>>>>>
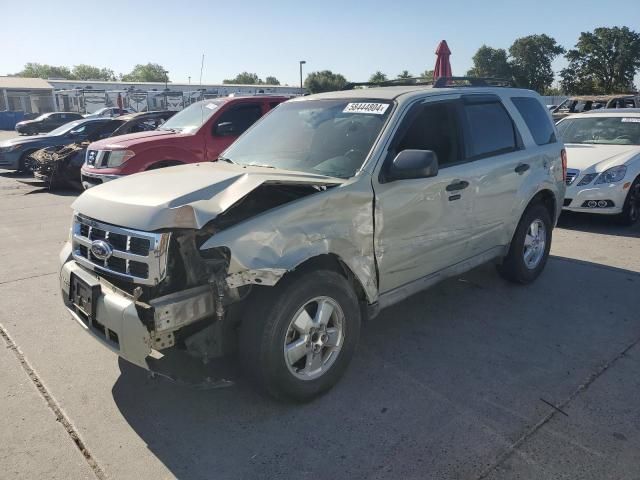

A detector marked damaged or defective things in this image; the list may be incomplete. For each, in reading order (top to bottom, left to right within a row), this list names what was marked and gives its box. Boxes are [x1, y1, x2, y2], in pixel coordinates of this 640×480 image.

crushed hood [71, 162, 344, 232]
damaged ford escape [58, 79, 564, 402]
crushed hood [564, 143, 640, 172]
crumpled front bumper [60, 248, 152, 368]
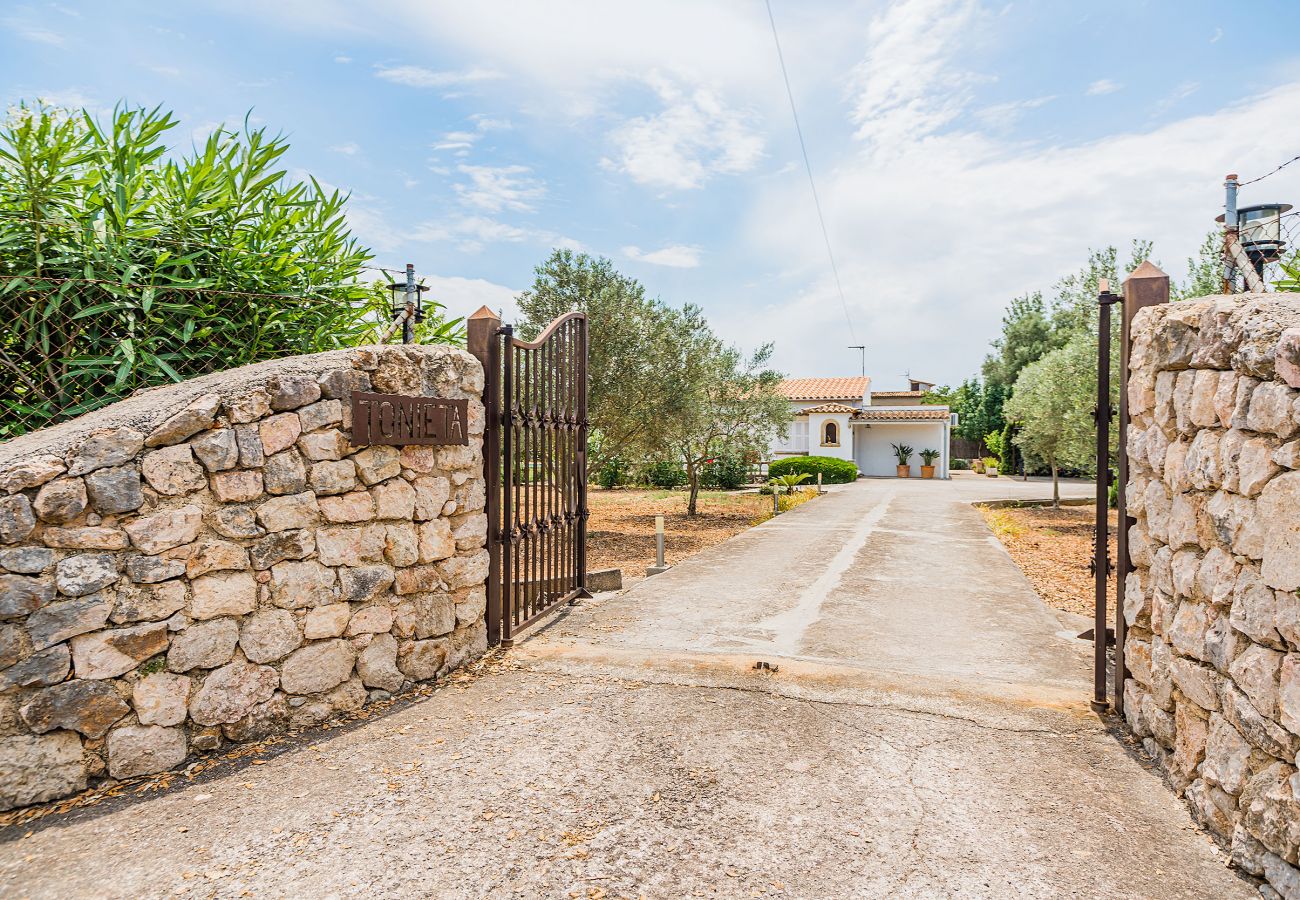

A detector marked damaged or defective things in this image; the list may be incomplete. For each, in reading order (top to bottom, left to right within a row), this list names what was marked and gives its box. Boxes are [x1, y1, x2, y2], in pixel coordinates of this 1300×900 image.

rusty metal sign [348, 390, 470, 447]
cracked concrete surface [2, 473, 1258, 894]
<<<<<
> Task to carry out:
Restate exactly, and only, every line from the one that contains "this 1300×900 image." through the last line of the records.

> Answer:
A detector marked damaged or defective things in this image; the list may be incomplete. For each, in reading order (top to bottom, left to right within a row), this list names what was marked and gives its box. Boxes are [x1, y1, x2, y2], in pixel coordinates of this 1300×900 image.

rusty metal sign [348, 390, 470, 447]
cracked concrete surface [2, 473, 1258, 894]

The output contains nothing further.